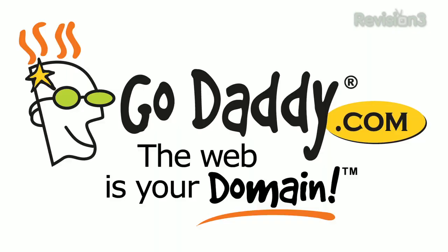This episode of Ty's Eye Help is brought to you by GoDaddy. What's up guys? In this video I'm going to be giving you a tour of my room setup.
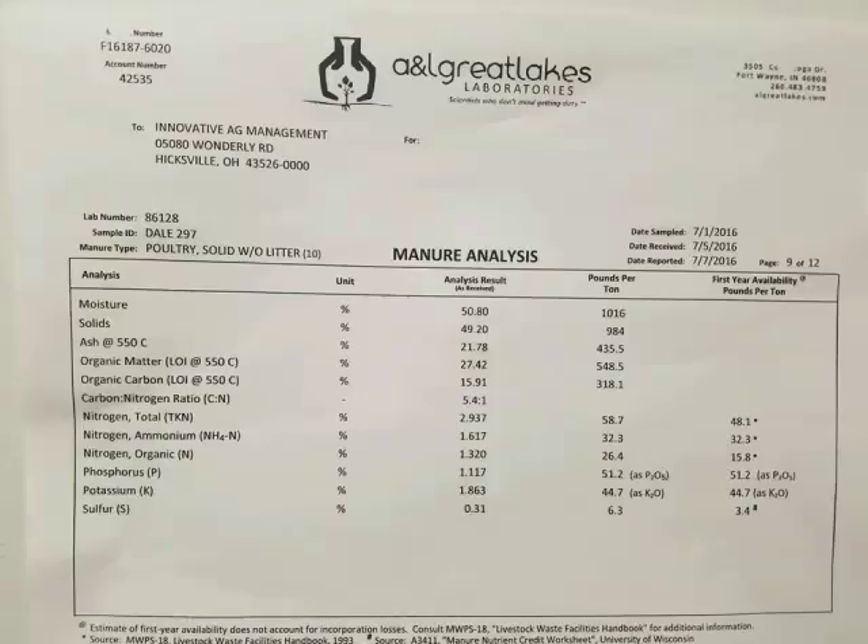One nice thing about chicken litter - and this is bad because we were in the custom lime business - is that as you use chicken litter your lime usage will go down because of the calcium in the litter itself. You'll get to the point where you won't be liming anymore.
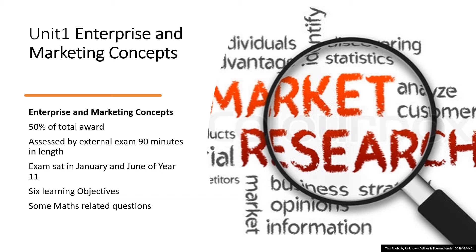Unit 1, Enterprise and Marketing Concepts, underpins the other two coursework units. It's worth 50% of the total award and is assessed by an external exam which you sit in January of Year 11, and can re-sit in June of Year 11 if you haven't reached your target grade. There are six learning objectives and within this unit you explore factors and considerations that need to be taken into account when starting up a business. You'll look at how to attract and retain customers and what makes a product or service financially viable. There are some elements of maths required for this unit.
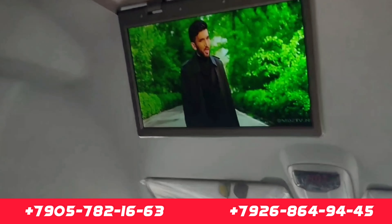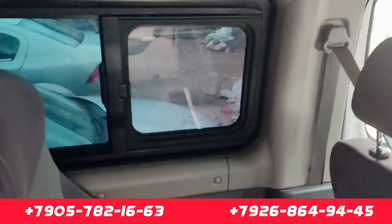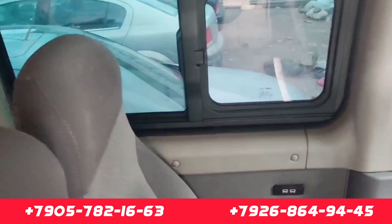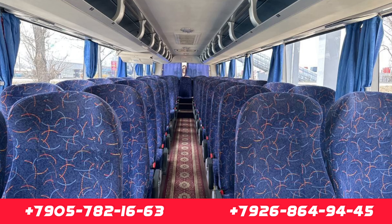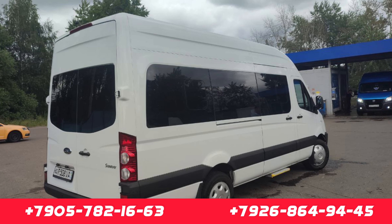Hello everyone, welcome to our office. Today we will talk about new phones. We can also talk about new phones and new phones. We are ready to talk about new phones. We are also going to talk about our Telegram channel.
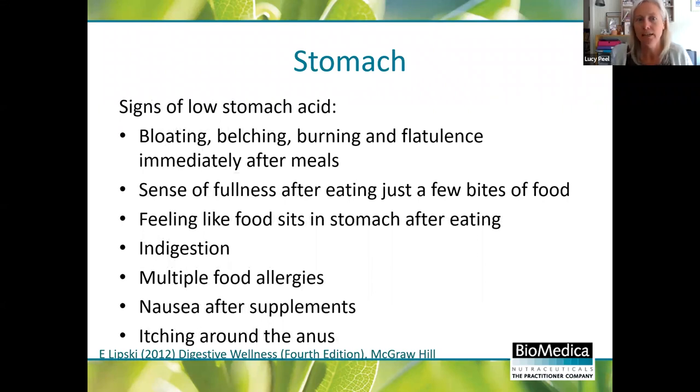Signs of low stomach acid that you'll see in clinic include symptoms immediately after eating - bloating, burping, a burning feeling, farting straight after a meal, feeling really full, not feeling hungry after a few bites of food and feeling like it's just sitting in the stomach. Indigestion, multiple food allergies - a massive sign of low stomach acid - feeling sick after supplements, and itching around the anus. I recommend Lipski's 'Digestive Wellness' for these sorts of lists. It's a really useful resource as a practitioner.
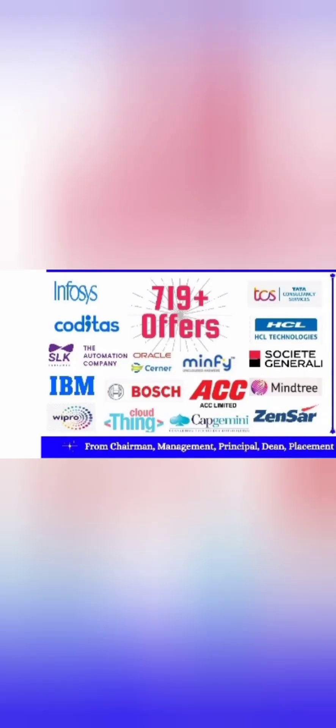Moving directly to placements — last year's 2022 batch saw excellent placements with 719-plus offers. Good companies like IBM, Bosch, Wipro, Infosys, TCS, and SCL visited, along with multinationals like Societe Generale, Capgemini, and engineering solutions companies like Zensar and Mindtree. Consulting companies like Oracle and Cerner were also on campus.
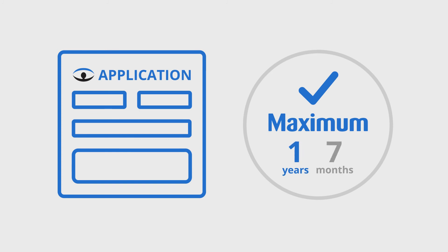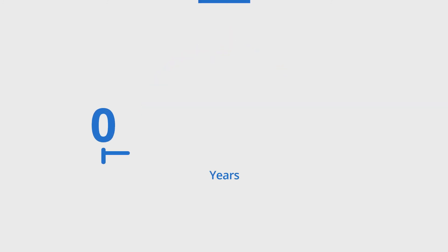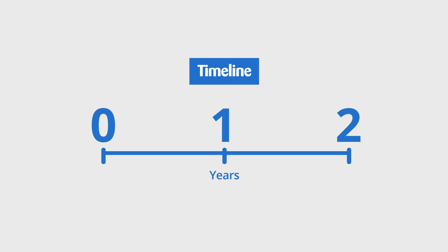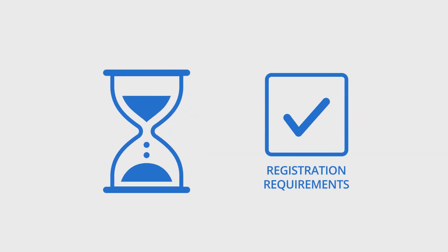Applications for registration are valid for a maximum of two years — 24 months — from the date the application is received by the College. The two-year application period automatically ends when you have successfully completed the requirements for registration. The two-year timeline is provided only to give applicants adequate time to complete the registration requirements, not to allow successful applicants to delay the date they register with the College.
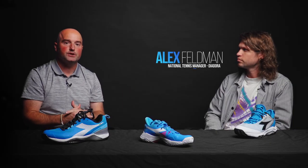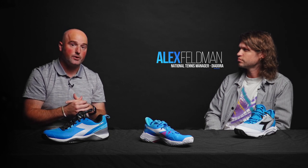Hey guys, it's Sam with Tennis Express, and in this video we wanted to do something a little bit different. I've got a special guest — it's Alex Feldman, the National Tennis Manager of D'Adora. He's got some great information for us on the three big shoes. Let's get started right away with the Torneo.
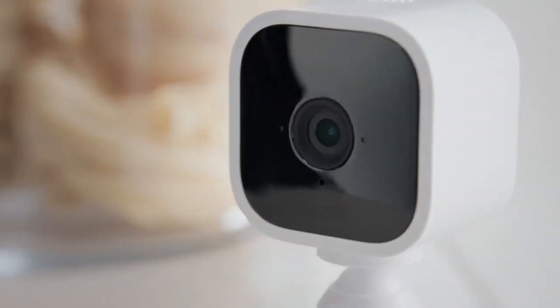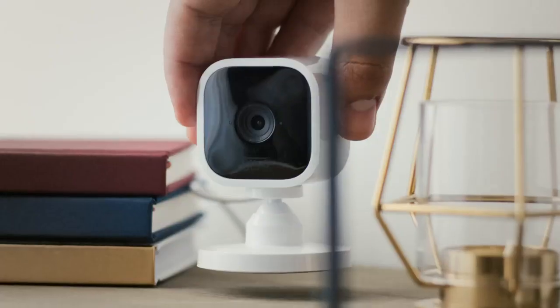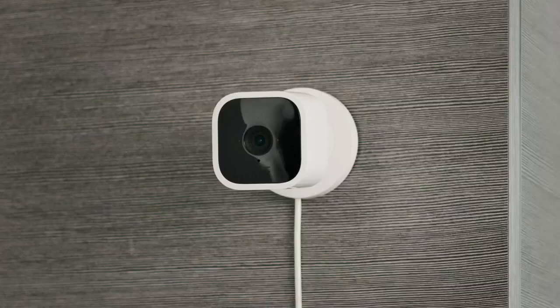Introducing Mini, the new indoor smart security camera from Blink. Mini is mighty but tiny, which means you can place it just about anywhere inside your home.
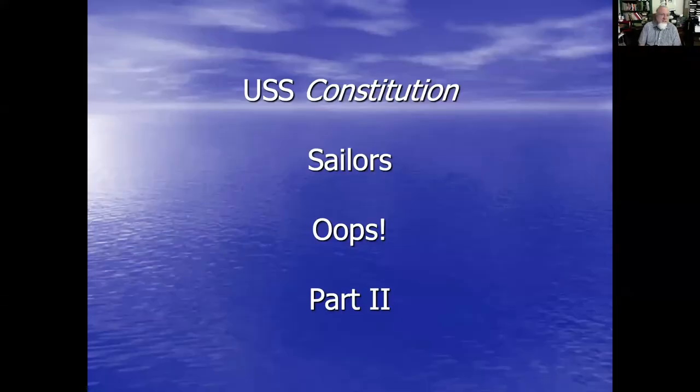Hello genealogists, it's Craig again with Just Genealogy. Embarrassing moment number 347. So yesterday I had the opportunity to talk to you about a question that came to me about locating sailors on the USS Constitution. And I went down that path and showed you how you could find sailors on the USS Constitution. But it appears there was a problem. So this is my oops moment — the USS Constitution part two.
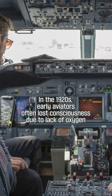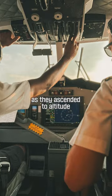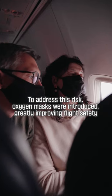In the 1920s, early aviators often lost consciousness due to lack of oxygen as they ascended to altitude. To address this risk, oxygen masks were introduced, greatly improving flight safety.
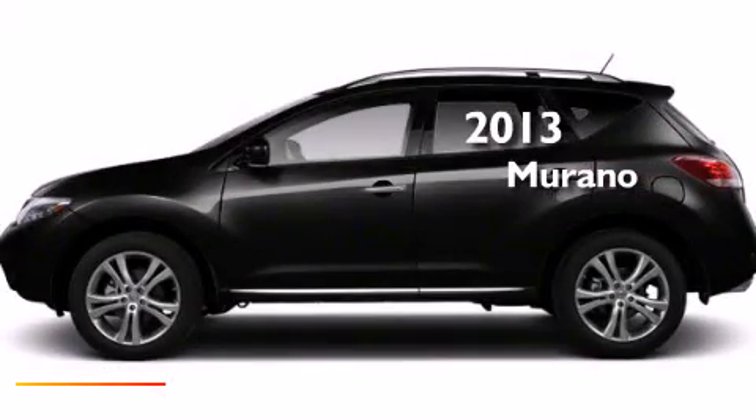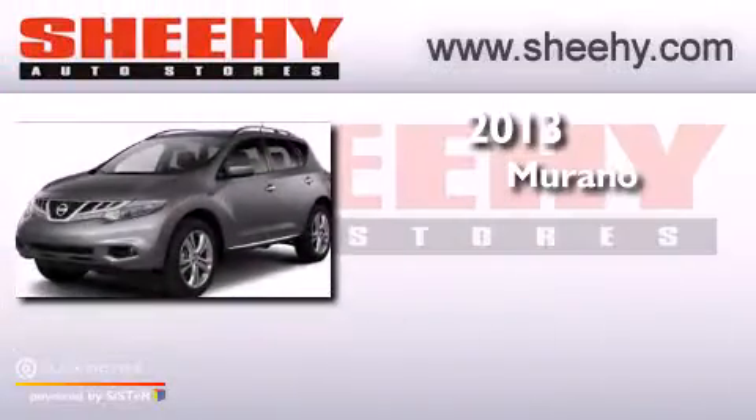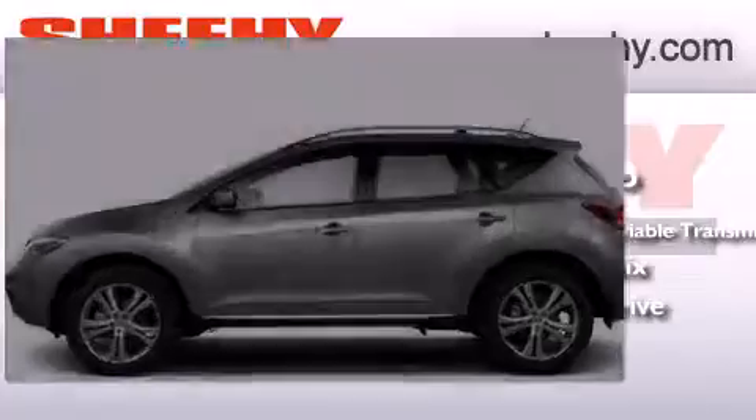This is a brand new 2013 Nissan Murano. This crossover has a continuously variable transmission, a 3.5-liter V6, and the added safety and control of all-wheel drive.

------------------------------

Exercise
Copy every record exactly; no pictures.

Solved problem
This episode of Ty's Eye Help is brought to you by GoDaddy. What's up guys? In this video I'm going to be giving you a tour of my room setup.
One nice thing about chicken litter - and this is bad because we were in the custom lime business - is that as you use chicken litter your lime usage will go down because of the calcium in the litter itself. You'll get to the point where you won't be liming anymore.
Unit 1, Enterprise and Marketing Concepts, underpins the other two coursework units. It's worth 50% of the total award and is assessed by an external exam which you sit in January of Year 11, and can re-sit in June of Year 11 if you haven't reached your target grade. There are six learning objectives and within this unit you explore factors and considerations that need to be taken into account when starting up a business. You'll look at how to attract and retain customers and what makes a product or service financially viable. There are some elements of maths required for this unit.
Hello everyone, welcome to our office. Today we will talk about new phones. We can also talk about new phones and new phones. We are ready to talk about new phones. We are also going to talk about our Telegram channel.
Signs of low stomach acid that you'll see in clinic include symptoms immediately after eating - bloating, burping, a burning feeling, farting straight after a meal, feeling really full, not feeling hungry after a few bites of food and feeling like it's just sitting in the stomach. Indigestion, multiple food allergies - a massive sign of low stomach acid - feeling sick after supplements, and itching around the anus. I recommend Lipski's 'Digestive Wellness' for these sorts of lists. It's a really useful resource as a practitioner.
Moving directly to placements — last year's 2022 batch saw excellent placements with 719-plus offers. Good companies like IBM, Bosch, Wipro, Infosys, TCS, and SCL visited, along with multinationals like Societe Generale, Capgemini, and engineering solutions companies like Zensar and Mindtree. Consulting companies like Oracle and Cerner were also on campus.
Applications for registration are valid for a maximum of two years — 24 months — from the date the application is received by the College. The two-year application period automatically ends when you have successfully completed the requirements for registration. The two-year timeline is provided only to give applicants adequate time to complete the registration requirements, not to allow successful applicants to delay the date they register with the College.
Hey guys, it's Sam with Tennis Express, and in this video we wanted to do something a little bit different. I've got a special guest — it's Alex Feldman, the National Tennis Manager of D'Adora. He's got some great information for us on the three big shoes. Let's get started right away with the Torneo.
Introducing Mini, the new indoor smart security camera from Blink. Mini is mighty but tiny, which means you can place it just about anywhere inside your home.
Hello genealogists, it's Craig again with Just Genealogy. Embarrassing moment number 347. So yesterday I had the opportunity to talk to you about a question that came to me about locating sailors on the USS Constitution. And I went down that path and showed you how you could find sailors on the USS Constitution. But it appears there was a problem. So this is my oops moment — the USS Constitution part two.
In the 1920s, early aviators often lost consciousness due to lack of oxygen as they ascended to altitude. To address this risk, oxygen masks were introduced, greatly improving flight safety.
This is a brand new 2013 Nissan Murano. This crossover has a continuously variable transmission, a 3.5-liter V6, and the added safety and control of all-wheel drive.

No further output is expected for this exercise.